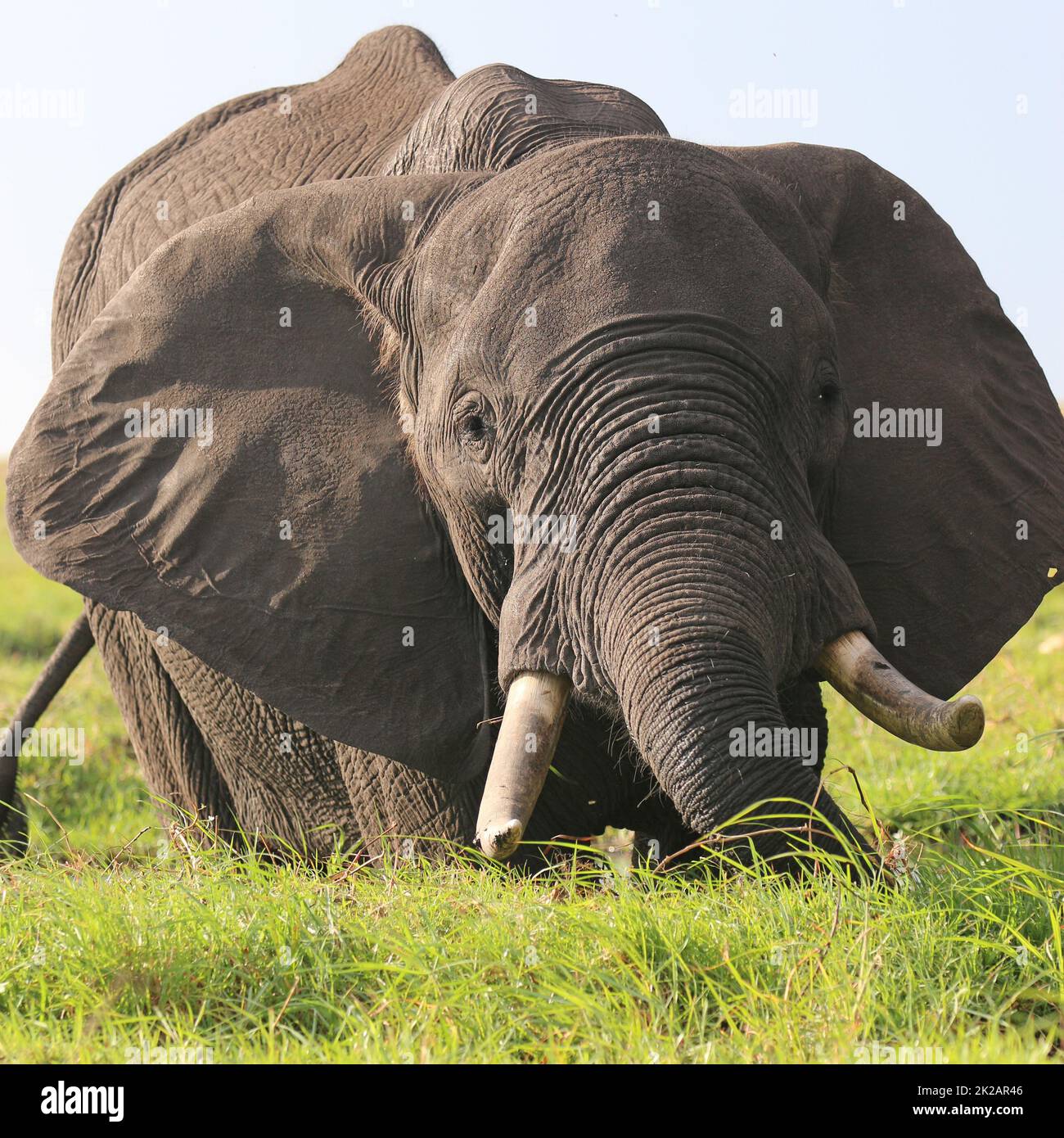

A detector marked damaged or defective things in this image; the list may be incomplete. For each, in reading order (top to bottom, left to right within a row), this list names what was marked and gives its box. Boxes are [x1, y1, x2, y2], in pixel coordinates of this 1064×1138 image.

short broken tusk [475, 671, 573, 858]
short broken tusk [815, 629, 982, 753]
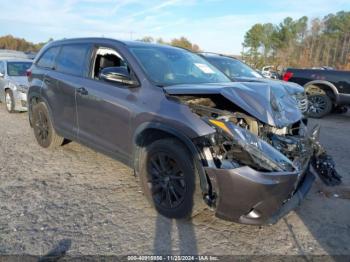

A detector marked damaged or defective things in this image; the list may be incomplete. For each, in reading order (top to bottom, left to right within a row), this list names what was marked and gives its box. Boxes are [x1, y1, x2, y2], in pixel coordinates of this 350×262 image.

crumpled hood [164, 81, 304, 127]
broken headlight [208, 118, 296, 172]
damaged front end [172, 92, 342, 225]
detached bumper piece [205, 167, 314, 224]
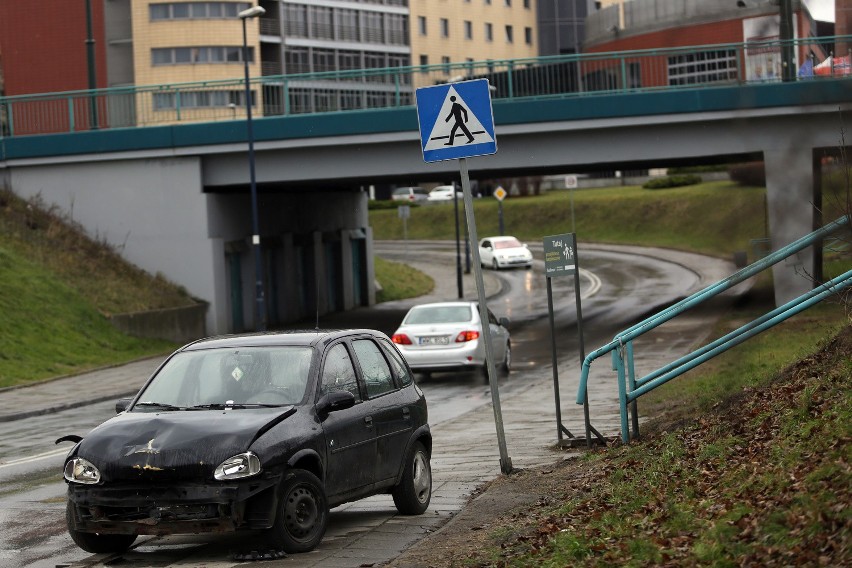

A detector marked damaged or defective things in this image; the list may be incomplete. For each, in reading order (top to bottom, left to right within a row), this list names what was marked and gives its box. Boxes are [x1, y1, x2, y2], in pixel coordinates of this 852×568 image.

★ ★ ★

**Description of the task**
Retype each entry precisely. Skip images entirely.

**Written response**
A detector marked damaged or defective things in this image; the list may be incomplete. For each, in reading order (top to bottom, left to right within a row), this list names what was marked and gives its box. Boxes are [x1, y1, x2, y2], in pixel coordinates of this 1064×1138 image.

short broken tusk [475, 671, 573, 858]
short broken tusk [815, 629, 982, 753]

A detector marked damaged or defective things in this image; the list may be incomplete. For each, in reading order (top to bottom, left to right within a row), this list names what was marked and gives its box. Boxes are [x1, y1, x2, y2], in pixel coordinates of this 350×262 image.

crumpled hood [164, 81, 304, 127]
broken headlight [208, 118, 296, 172]
damaged front end [172, 92, 342, 225]
detached bumper piece [205, 167, 314, 224]

A detector marked damaged or defective things in this image; the list may be incomplete. For each, in reading order (top to bottom, left to right within a row), this list names what was marked and gives its box. Boxes are [x1, y1, x2, y2], in pixel coordinates of this 852×568 image.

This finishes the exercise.